Aziz kemudian menawar bagaimana kalau ia bisa menjual dengan nilai lebih dan yang diminta Hendra. Hendra menjawab, semua kelebihan dan harga yang diminta akan menjadi milik Aziz.

Hasil dan pertemuan tersebut langsung difollow-up oleh Aziz. Ia melihat lokasi tanah milik Hendra dan sesudah itu Ia buat sebuah spanduk yang menyatakan bahwa tanah tersebut dijual. Aziz amat optimistis bahwa Ia mampu menjual tanah tersebut!

Hari itu adalah hari Jum’at. Hari yang amat penuh berkah. Ia dan 2 orang stafnya saat itu berada di lokasi tanah Hendra untuk memasang spanduk. Spanduk itu berisikan tulisan tentang info singkat tanah dan kontak person Aziz berikut nomor telepon yang bisa dihubungi.

Persis seperti keyakinan Aziz, habis pulang shalat Jum’at ia ditelepon oleh seseorang. Penelepon itu menanyakan berapa harga per meter tanah yang diminta. Aziz menjelaskan bahwa harga per meternya adalah Rp. 1.650.000,-.

Pria penelepon itu mengatakan bahwa ia berminat namun ia hendak rembug dengan istrinya terlebih dahulu. Namun ada satu permintaan penelepon itu yang membuat Aziz tambah optimistis. “Pak Aziz, habis maghrib saya akan telepon lagi, namun boleh gak spanduknya diturunkan dulu agar tidak ada orang lain yang beli!” pinta pria penelepon.
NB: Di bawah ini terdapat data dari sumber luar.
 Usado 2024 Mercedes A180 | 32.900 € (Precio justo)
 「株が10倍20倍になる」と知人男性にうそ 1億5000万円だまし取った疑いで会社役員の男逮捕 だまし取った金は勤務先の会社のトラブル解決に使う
“Baik, pak! Spanduk itu akan saya turunkan, asalkan bapak serius berminat beli tanah itu...” jawab Aziz.

Betul saja, lepas Maghrib pria tadi menelepon kembali. Dalam pembicaraan per telepon tersebut sang pria menawar harga tanah menjadi Rp 1.600.000,- per meter. Aziz dengan sigap menyetujui harga tersebut. Singkat kata maka tanah tersebut pun dijual kepada pria tadi.

Ada selisih Rp 100 ribu per meter dan harga penjualan yang menjadi milik Aziz. Luas tanah 860 M2 membuat Aziz mengantongi keuntungan selisih jual tanah menjadi Rp 86 juta.

Aziz bersyukur kepada Allah Swt atas karunia yang amat mudah dan gampang prosesnya ini.

Hari jatuh tempo pembayaran tanah sudah tiba. Sang pemilik tanah datang dengan tersenyum membayang setumpuk uang yang akan ia terima. Demikian juga Aziz dan istri pun tersenyum. Tidak hanya akan mendapatkan halaman belakang rumah bertambah luas, akan tetapi Aziz dan istri tersenyum karena membayangkan begitu indah mereka bisa punya kemampuan membayar tanah seharga Rp 89 juta dalam waktu yang amat sempit. Subhanallah..., rupanya harga tanah yang ia bayar hanya selisih Rp 3 juta dari komisi penjualan yang ia dapatkan dari tanah Hendra.

Aziz meyakini proses pembayaran tanah belakang rumah tidak semudah ini, andai ia dan istri tidak tergerak untuk membantu pembayaran biaya rumah sakit ayah.

Aziz bergumam, “Inilah balasan kebaikan yang ia dapat sebab menolong orang tua.... sehabis menolong ayah, eh kontan langsung ditolong Allah!”